On s'aperçoit aussi que les couples se partagent inégalement le travail domestique sur la base 3 h/1 h ou 5 h/2 h 30. Trois ou cinq heures de travail domestique par jour pour la femme ! Elle fait le ménage pour pas s'emmerder ou elle compte Les feux de l'amour dans le total ? Et le mec à encore une ou deux heures de job à tirer ! Il faudrait quand même que les sociologues stagiaires martiens qui produisent les stats soient un peu au fait des coutumes terriennes.

Bon. Je suppose que la journée des femmes au foyer avec plusieurs enfants (non distinguées dans l'étude) influencent les moyennes. Ce n'est pas complètement illégitime, mais dans ce cas, il ne faut pas l'utiliser pour une comparaison avec la participation du mari. Si une femme au foyer garde les enfants au lieu de les mettre à la crèche, objectivement, il s'agit pour la femme de son travail principal, et elle ne travaille donc que six heures au lieu de 7 h 30 + 1 h 30 pour le mec (à supposer que ces chiffres soient exacts, ce qui est peu probable). Plus généralement, cette étude concerne plutôt l'activité quotidienne que le travail. (L'étude considère le travail domestique comme une richesse à comptabiliser. Ce n'est pas faux. Mais le paiement est dans l'échange).

J'avais déjà montré que les rituelles comparaisons de salaires pour la Journée internationale des droits des femmes étaient systématiquement biaisées. La raison fondamentale me paraît être une incompétence totale. Certains croient bien faire, mais ils se tirent une balle dans le pied. On raisonne avec des clichés anciens qu'on prétend combattre, mais qu'on reproduit en assignant aux femmes un rôle de pleurnicheuses. On alimente une guerre des sexes qui n'a pas lieu d'être (ça vaut bien ceux qui entretiennent le conflit des civilisations).

Les politiques s'en servent par démagogie. Le principe consiste à trouver des sujets sur lesquels ils ne risquent pas d'être contredits, parce que tout le monde se dégonfle. Pourtant, les hommes politiques sont bien les premiers à contester sans cesse les compétences des femmes et à ne pas les traiter en égales. Les femmes politiques sont piégées. Ce sont aussi des politiciennes elles-mêmes. L'égalité est acquise sur ce point. Elles ne vont pas hésiter à rabâcher des conneries tant que ça rapporte.

Mais c'est peut-être simplement un manque d'imagination de part et d'autre.
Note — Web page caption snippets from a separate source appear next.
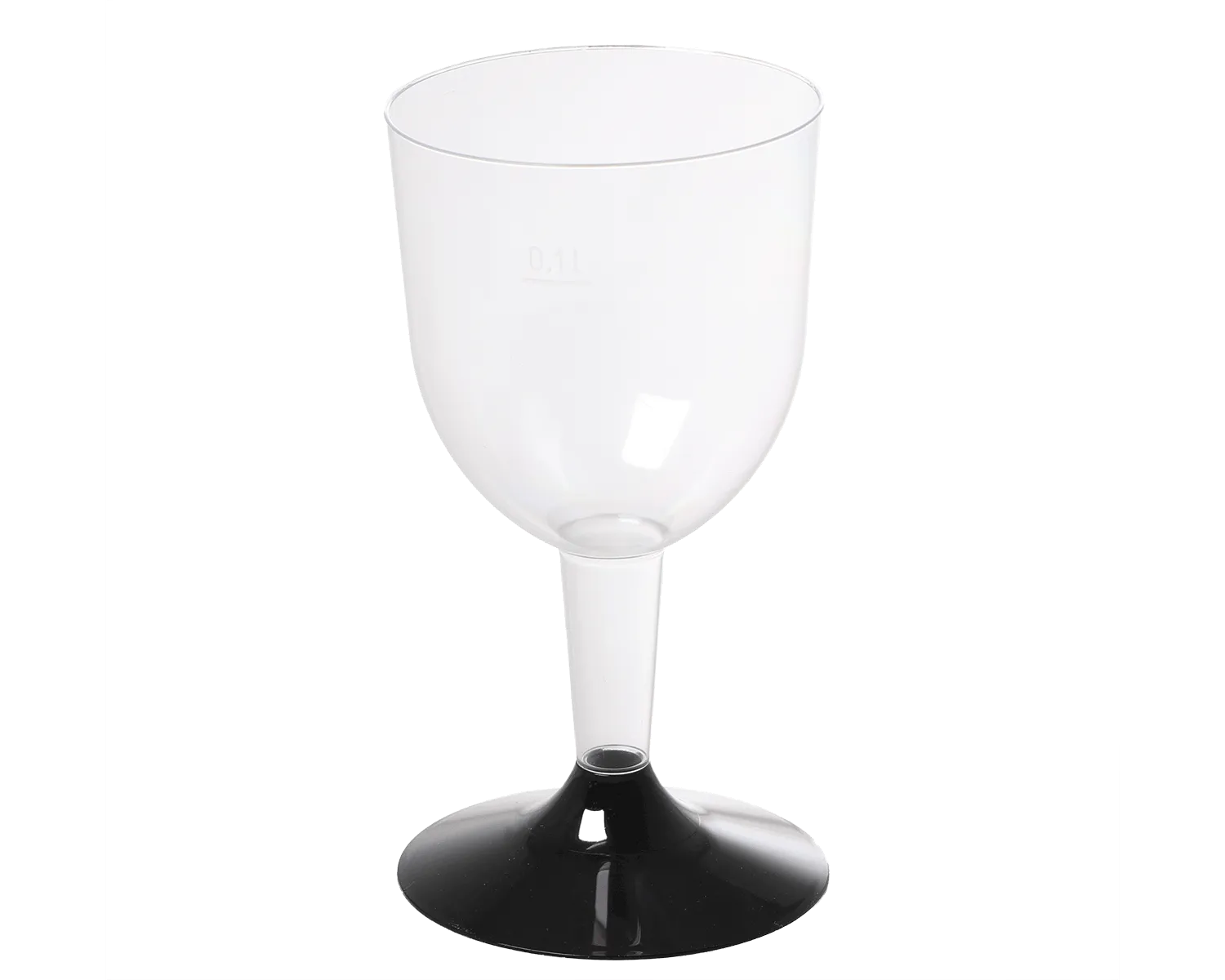 59-60020020-041/EcmFileImage/PIM Product/Festag/IDS_FROM_107501_TO_108000/59-60020020-041_548a21112b_59-60020020-041_1_Weinglas_1dl_glasklar_Aufsicht.png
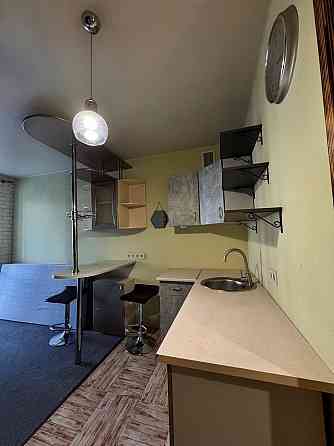 Квартира що приносить дохід.ОФОРМЛЕННЯ 2% Гостомель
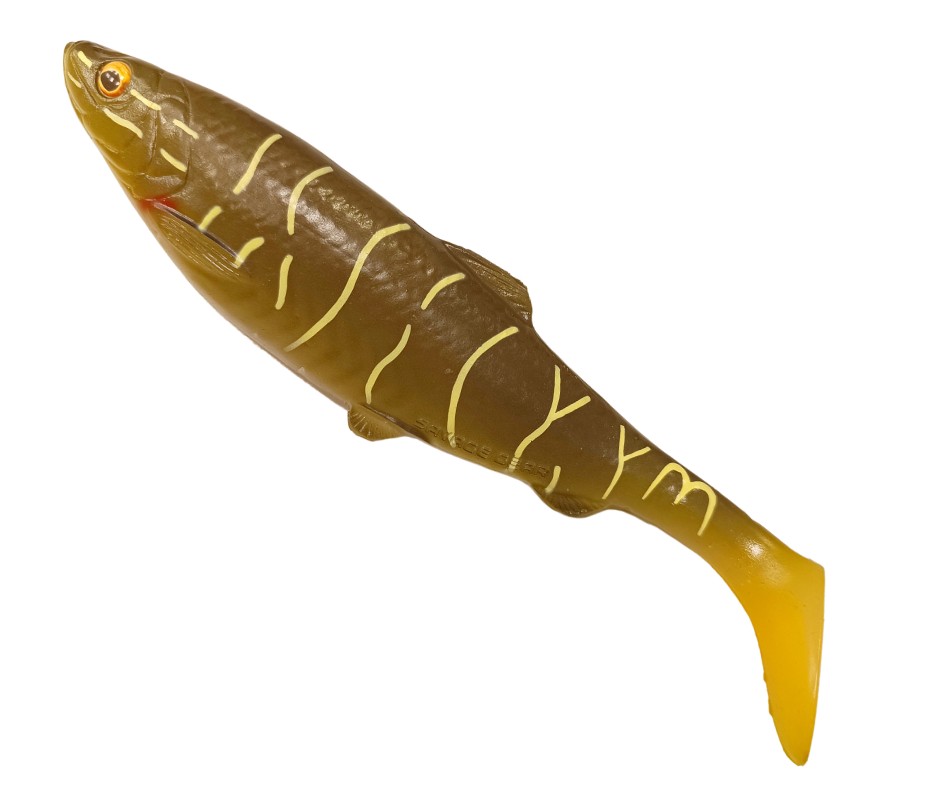 przyneta-gumowa-3d-lb-herring-shad-savage-gear przyneta-gumowa-3d-lb-herring-shad-savage-gear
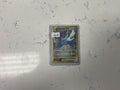 Samurott Star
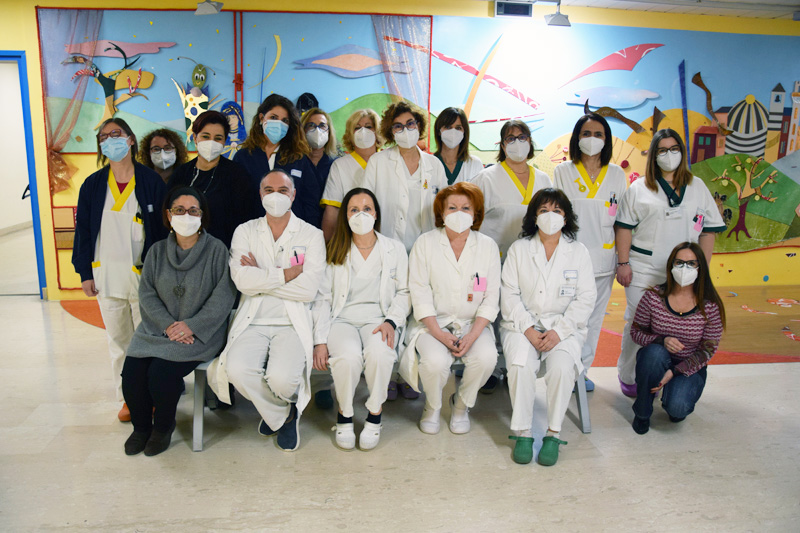 Siena, Festival della Salute: Controlli senologici&nbsp;gratuiti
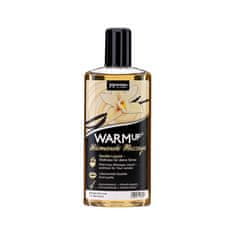 Joydivision Masážní gel JoyDivision WARMUP Vanilka 150 ml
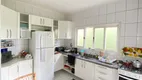 Foto 2 de Casa de Condomínio com 4 Quartos à venda, 180m² em Parque das Laranjeiras, Itatiba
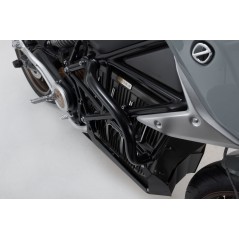 SW-MOTECH Protectores laterales de motor SBL2998110000/B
Le problème des rituels qui ne correspondent plus à la réalité est que les véritables problèmes subsistent. L'absence de relation entre le discours et le réel est d'autant plus grave quand il s'agit de sociologues professionnels qui commettent donc une forfaiture. Quand tout le monde bidonne et tout le monde sait que tout le monde bidonne, jeu social nécessaire jusqu'à un certain point, il ne faut pas s'étonner de la perte de confiance. Seuls les escrocs en profitent.